I’m going through a whole different thing at the moment, and I think it’s related to the hate thing I wrote about the other day, but it’s moved in another direction. It’s actually sadness.
I am feeling sad.
I’m also getting sick with a cold and have been for several days actually which is why I think is one of the reasons I’ve been grumpy and irritable. My body just hasn’t felt good and that can spill over into having a poor outlook or unseasonable general demeanor for me, and I think for many people.

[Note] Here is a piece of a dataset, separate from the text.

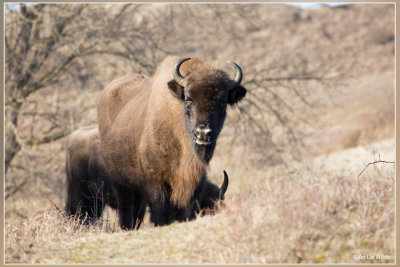 Wisent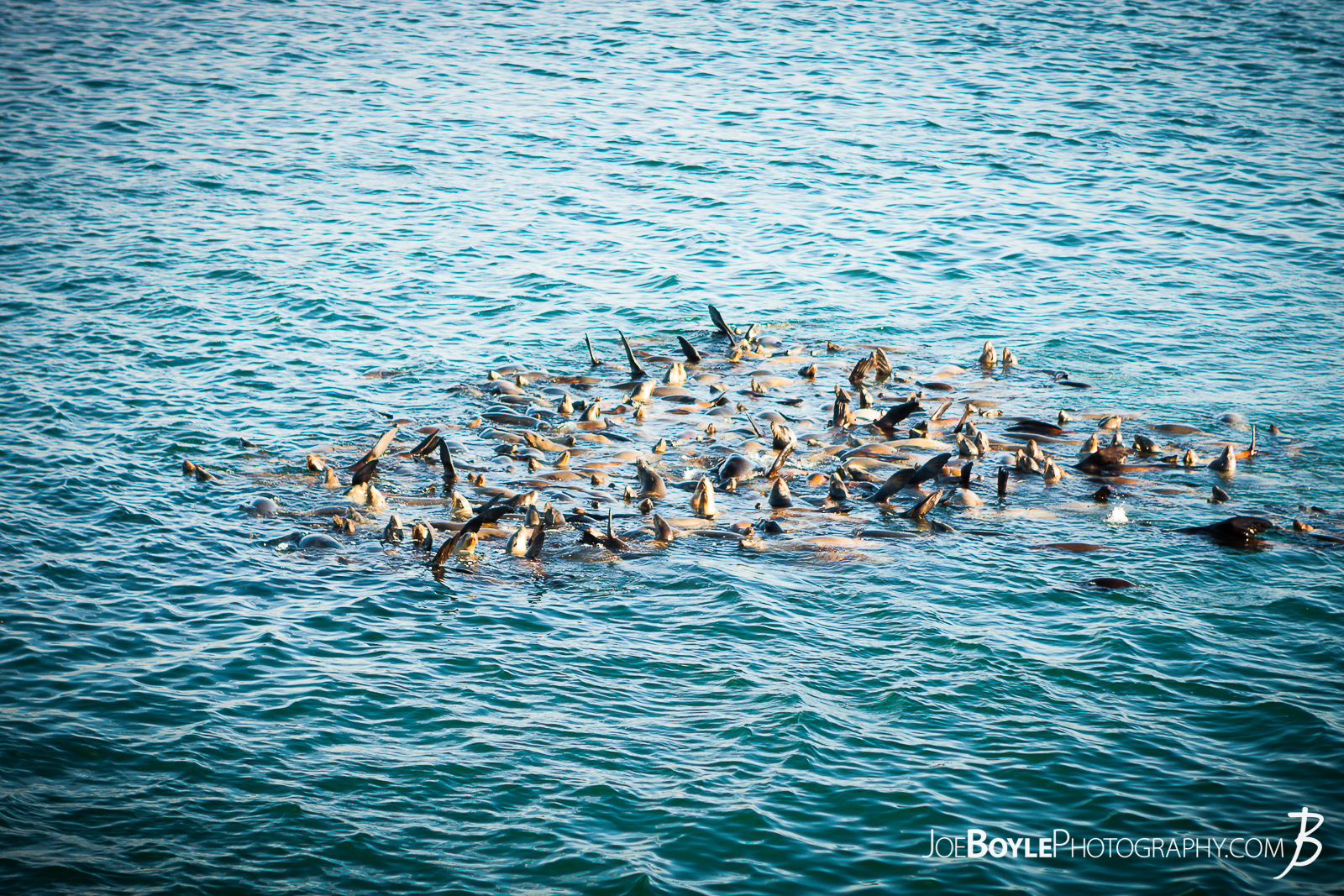  I was on a trip visiting a good friend of mine in Monterey and off of one of the many piers in Monterey we witnessed this school (properly known as a harem), of Sea Lions! I'm almost positive they are Sea Lions and not seals! :) I double checked with this website: Seals vs. Sea Lions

I noticed yesterday though, how I actually am feeling sad. I called my adopted sis Loretta in the morning because I can always depend on her to love me exactly however I am, and she helped to talk me through to the realization of my sadness. In talking with her too, I realized how much I miss singing and how I use singing to move some of these darker emotions through to the surface and out of my system. I’ve had virtually no formal exercise on this trip as well which is another way of moving things through my system
Yesterday, after a 3 ½ hour train ride from Kandy, I was waiting in the station in Colombo for another train and while walking and towing my all-too-large wheeled duffel behind me, I started singing. When I got to areas where I was alone I sang louder. I was singing a song called “Stand” which is a powerful song we used to sing in our gospel choir in San Francisco. The power of singing this in a choir is that we were all actually standing and squaring up our shoulders as we implored ourselves and others to just stand through all the difficulties that life throws at us. I don’t think I’ve ever sung this song without crying, (and often balling like a baby). Somehow it just speaks to me. So there I was walking through the station singing this song, more loudly through the areas where there weren’t so many people, and the sadness in me started to open up. It was a very non-specific sadness too, but it became obvious that sadness is in my system and wanting to be expressed, to move its way through. I say “non-specific” because I can’t exactly tell what is causing it although it certainly involves a sense of tiredness, aloneness, the poverty of the people here especially as seen from the train, some flavor of futility, self-doubt on various levels, and accumulated losses throughout my life, although I’m sure there’s much more to it than just that. So around and around I walked and sang and I noticed something very interesting – the people of this country whom I love for their ability to quickly and genuinely return a smile were now all looking sad. Maybe not fully sad in the moment, but there weren’t any eyes among those of the 100 or so people I looked at with my own sad eyes which were not reflecting their having known a deep sadness of their own, and none of them beamed back the smile to which I had been growing accustomed. What I saw was unmistakeable, very powerful, very affirming actually, and made me feel much more connected here than the more pervasive sense of disconnection I had lately been feeling.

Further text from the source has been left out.